> _Task to complete_: Exactly retype the lines below from the one containing "vector illustration. Young" through the end of the listing. Leave pictures out.

> _Supplied records_:
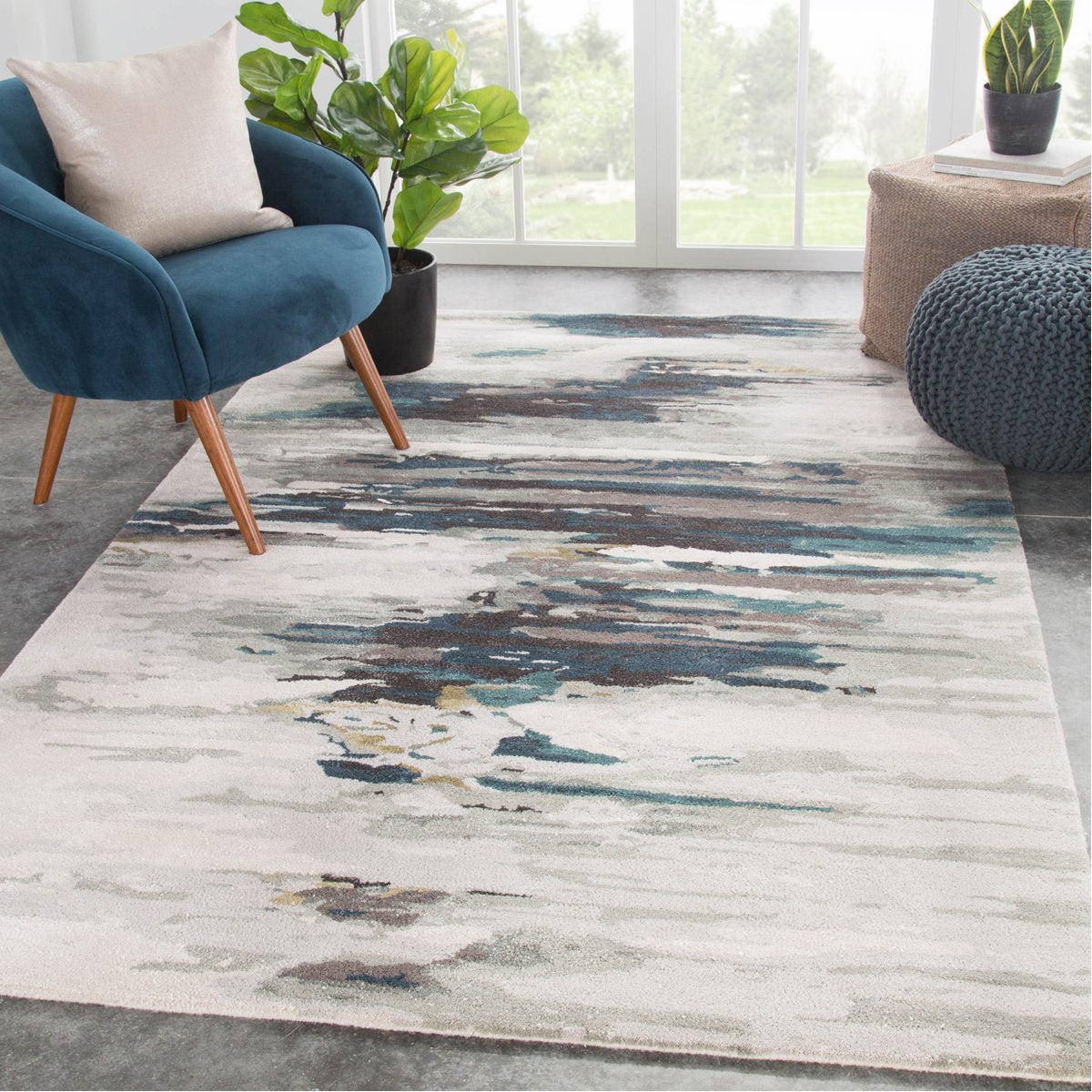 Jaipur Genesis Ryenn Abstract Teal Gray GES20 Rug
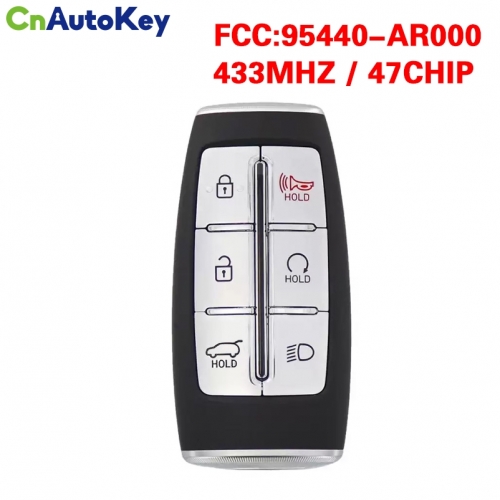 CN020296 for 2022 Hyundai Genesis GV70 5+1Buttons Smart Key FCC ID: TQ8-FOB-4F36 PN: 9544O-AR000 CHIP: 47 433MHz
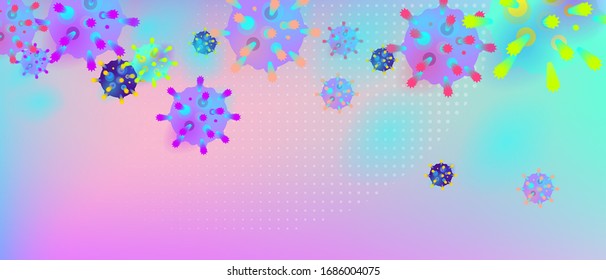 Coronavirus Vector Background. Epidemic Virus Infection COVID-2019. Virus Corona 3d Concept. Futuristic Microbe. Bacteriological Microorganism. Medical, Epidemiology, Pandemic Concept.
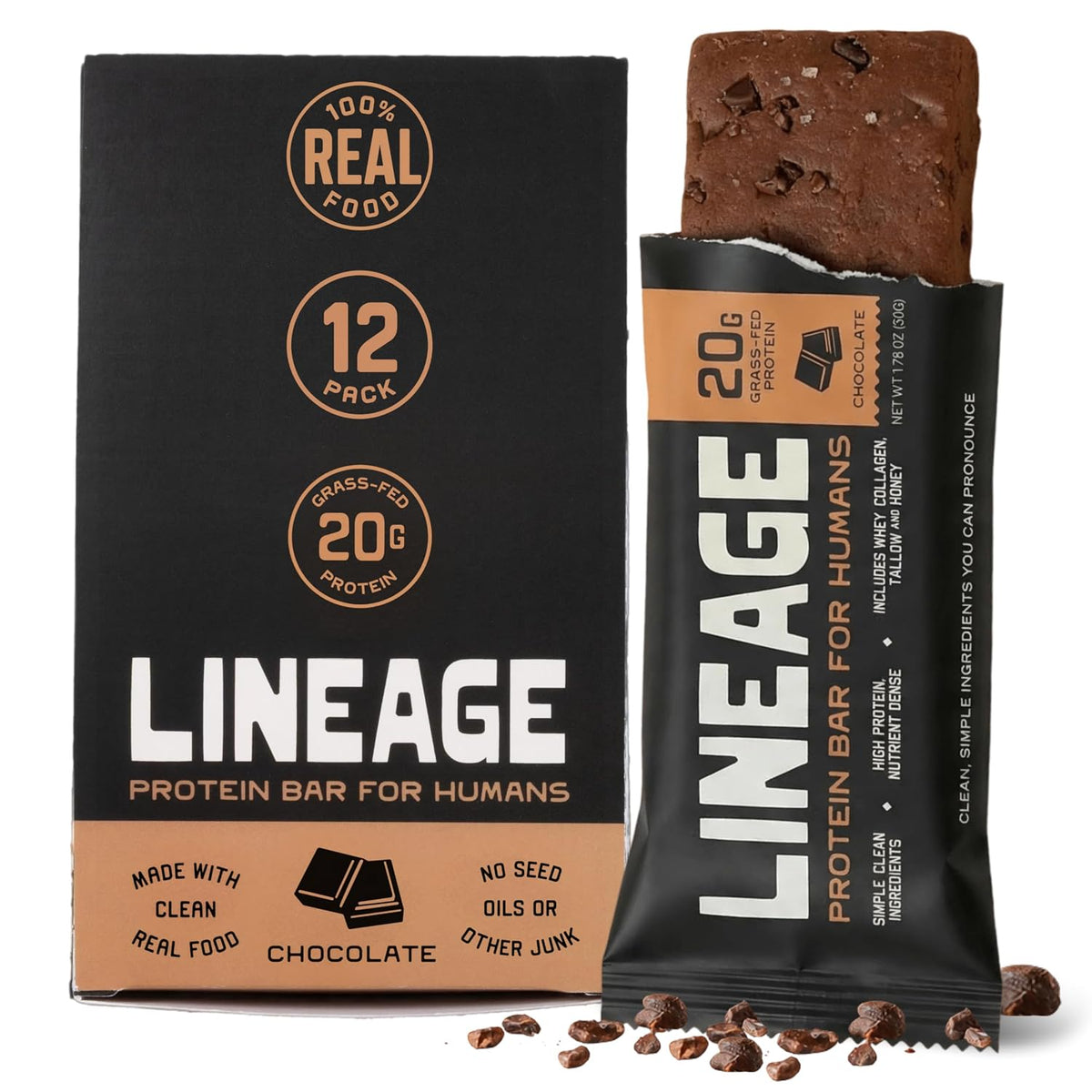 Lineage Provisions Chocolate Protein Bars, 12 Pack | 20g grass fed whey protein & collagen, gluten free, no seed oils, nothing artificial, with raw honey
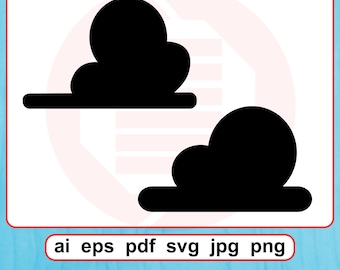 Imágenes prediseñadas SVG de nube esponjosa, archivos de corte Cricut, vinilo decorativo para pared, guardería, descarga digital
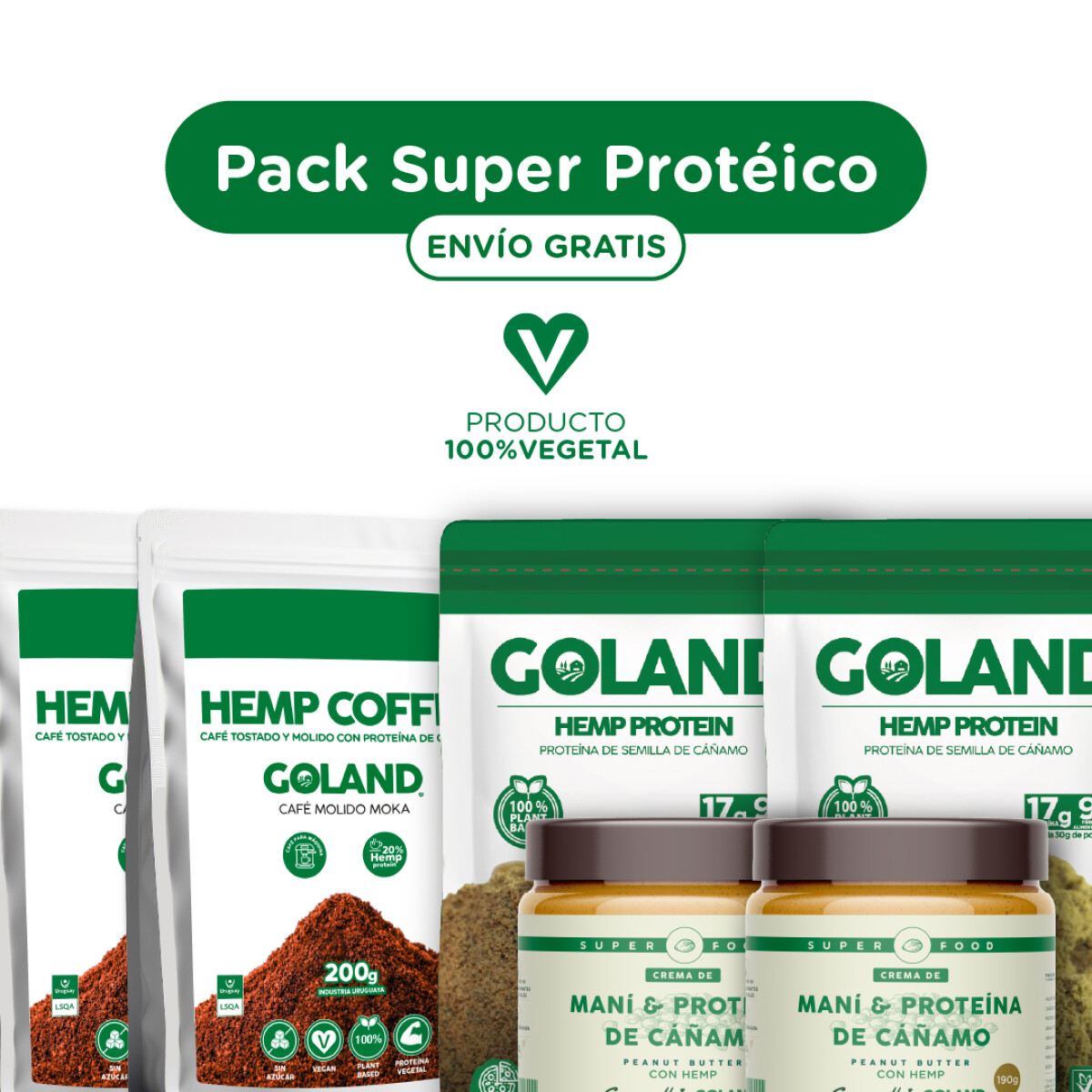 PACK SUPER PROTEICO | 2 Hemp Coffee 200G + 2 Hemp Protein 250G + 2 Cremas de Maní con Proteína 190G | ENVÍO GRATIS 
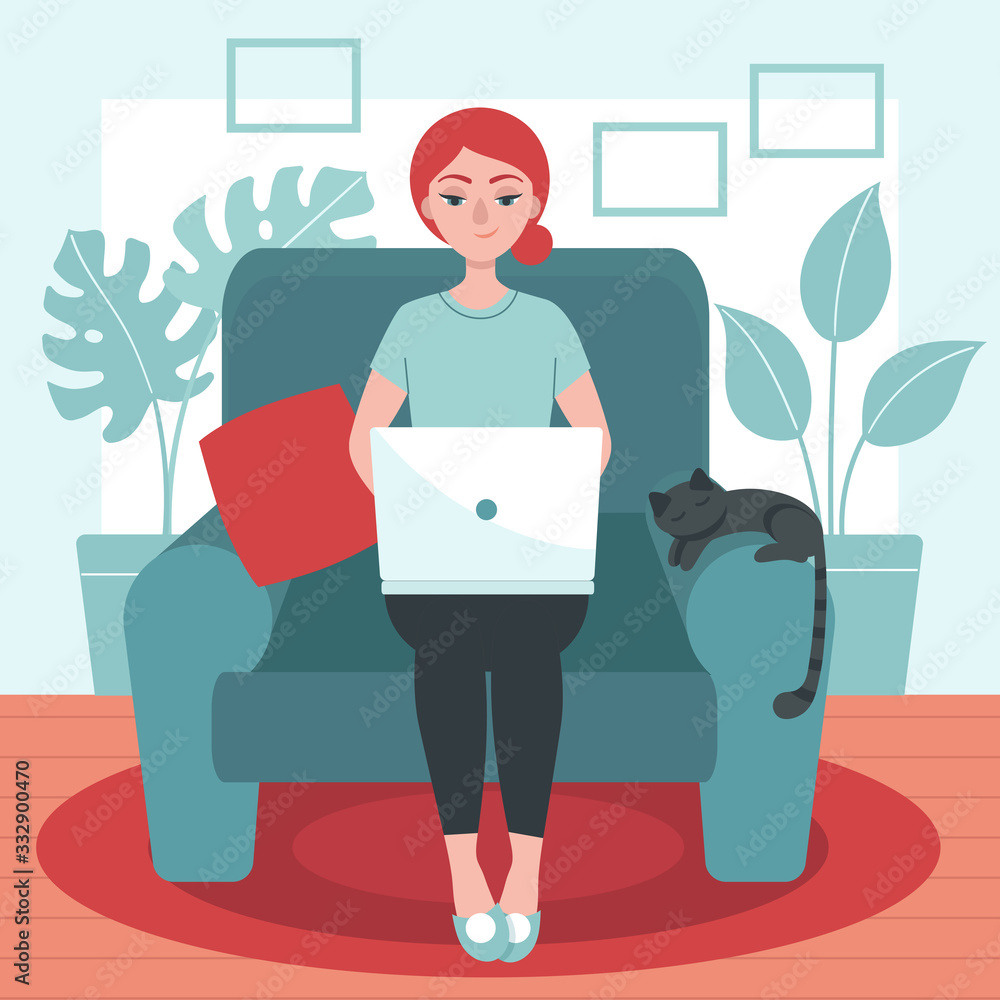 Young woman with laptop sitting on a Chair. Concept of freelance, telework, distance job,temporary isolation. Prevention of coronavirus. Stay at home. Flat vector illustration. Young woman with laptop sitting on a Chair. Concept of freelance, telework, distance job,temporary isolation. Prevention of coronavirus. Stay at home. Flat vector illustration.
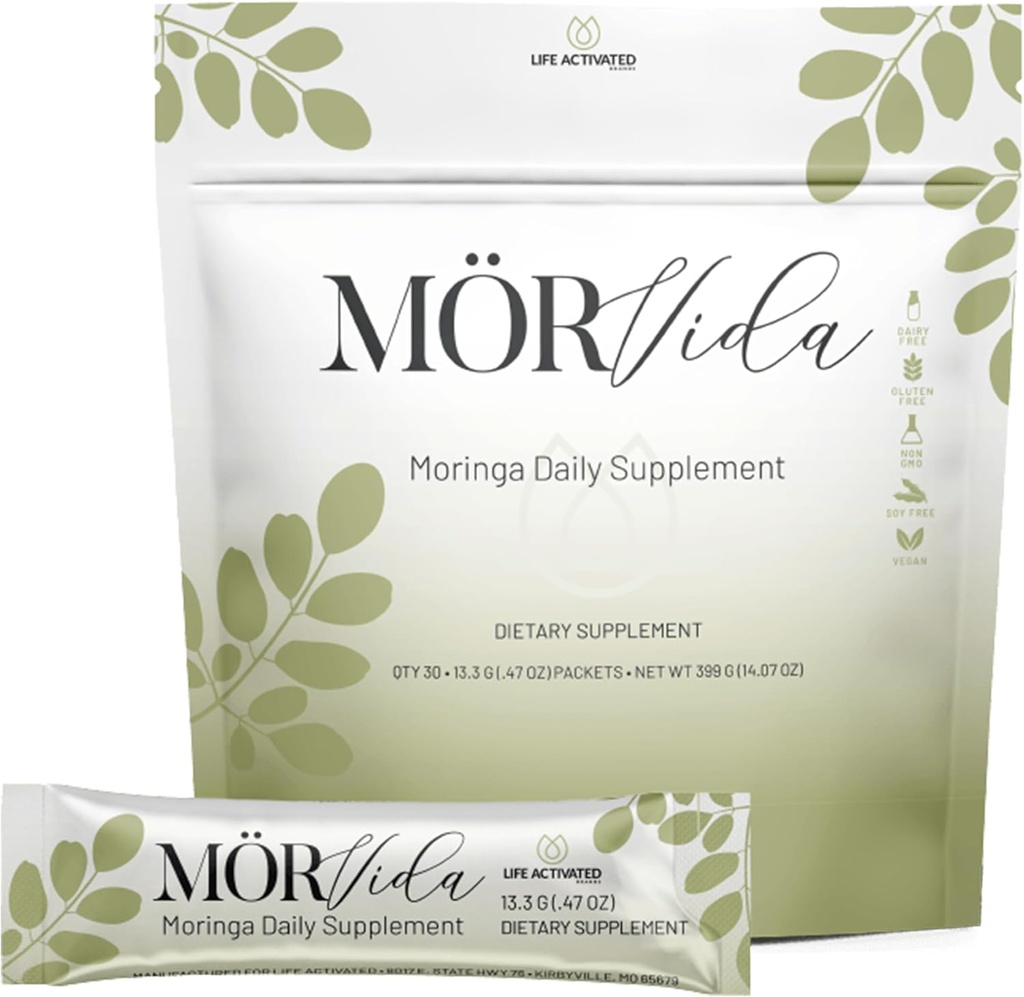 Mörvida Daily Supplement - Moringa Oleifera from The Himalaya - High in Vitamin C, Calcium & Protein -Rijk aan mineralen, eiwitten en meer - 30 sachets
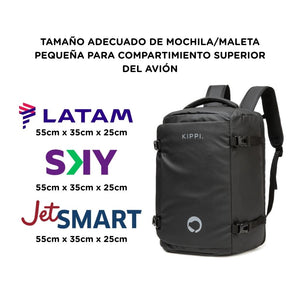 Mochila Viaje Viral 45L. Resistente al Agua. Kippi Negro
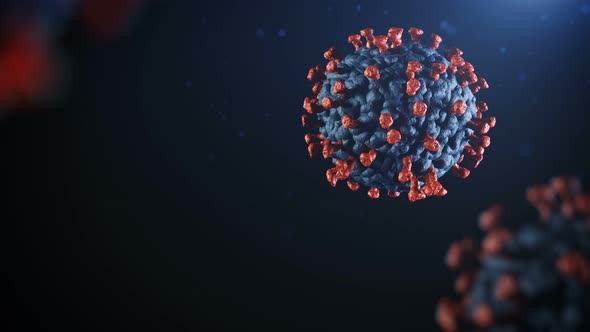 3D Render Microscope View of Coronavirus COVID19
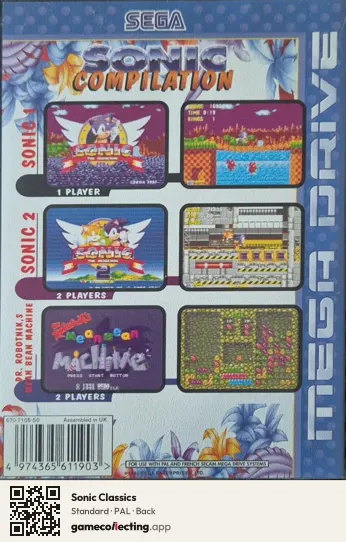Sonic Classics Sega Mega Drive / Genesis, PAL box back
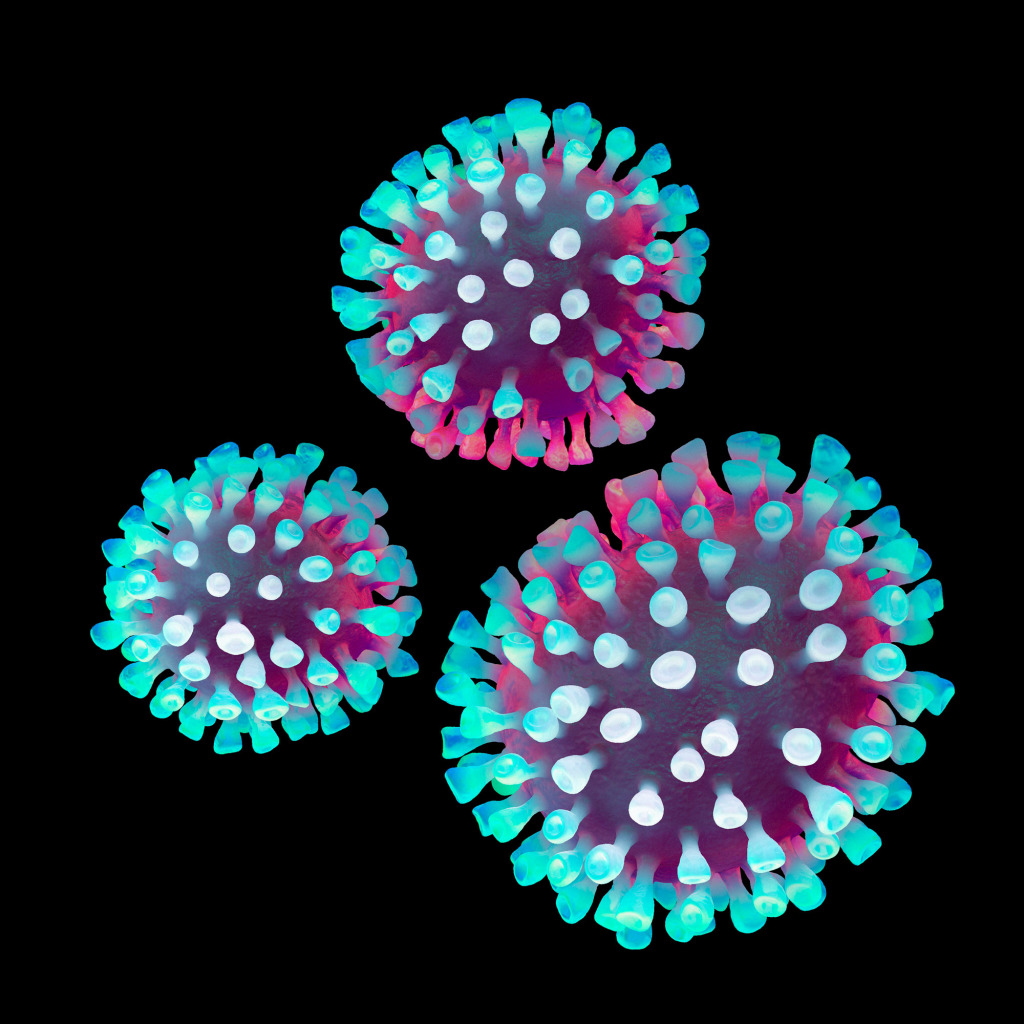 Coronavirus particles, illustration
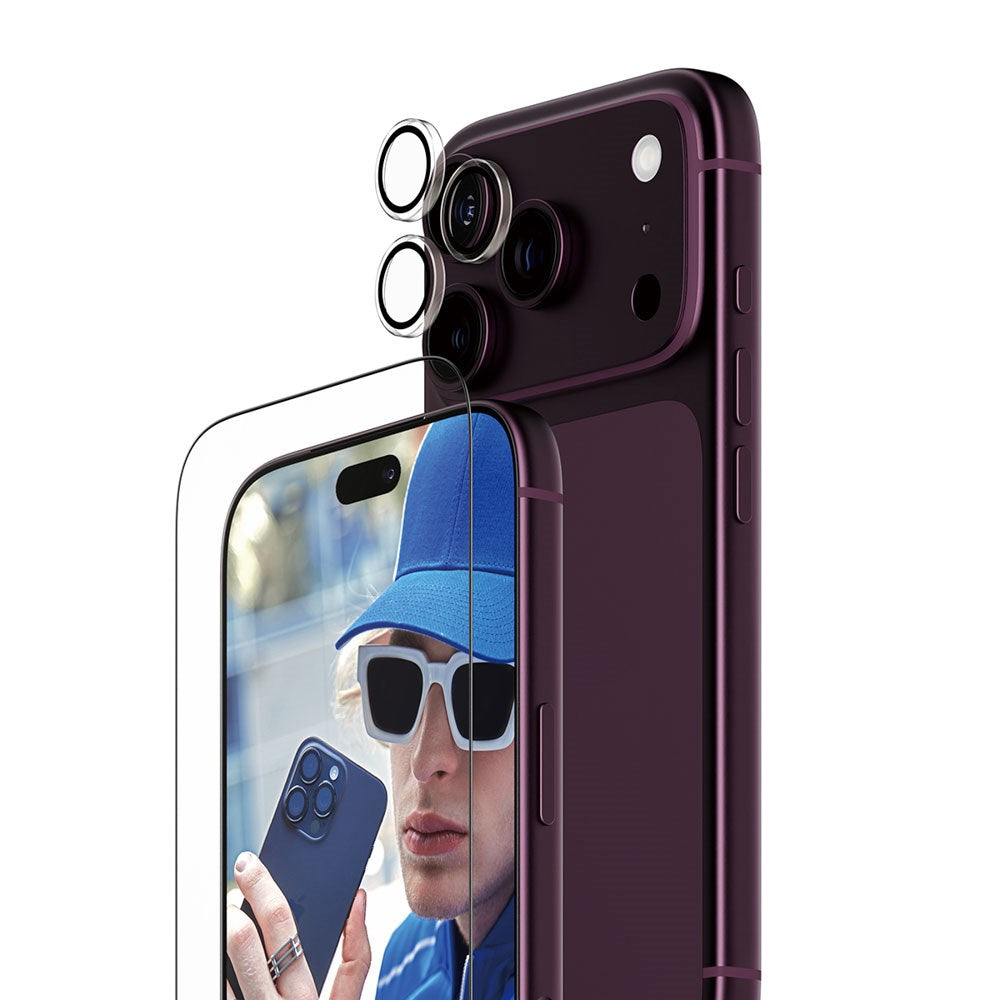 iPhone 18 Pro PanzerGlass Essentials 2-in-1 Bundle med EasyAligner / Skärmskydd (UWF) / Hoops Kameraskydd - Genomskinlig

> _Problem solution_:
 Young woman with laptop sitting on a Chair. Concept of freelance, telework, distance job,temporary isolation. Prevention of coronavirus. Stay at home. Flat vector illustration. Young woman with laptop sitting on a Chair. Concept of freelance, telework, distance job,temporary isolation. Prevention of coronavirus. Stay at home. Flat vector illustration.
 Mörvida Daily Supplement - Moringa Oleifera from The Himalaya - High in Vitamin C, Calcium & Protein -Rijk aan mineralen, eiwitten en meer - 30 sachets
 Mochila Viaje Viral 45L. Resistente al Agua. Kippi Negro
 3D Render Microscope View of Coronavirus COVID19
Sonic Classics Sega Mega Drive / Genesis, PAL box back
 Coronavirus particles, illustration
 iPhone 18 Pro PanzerGlass Essentials 2-in-1 Bundle med EasyAligner / Skärmskydd (UWF) / Hoops Kameraskydd - Genomskinlig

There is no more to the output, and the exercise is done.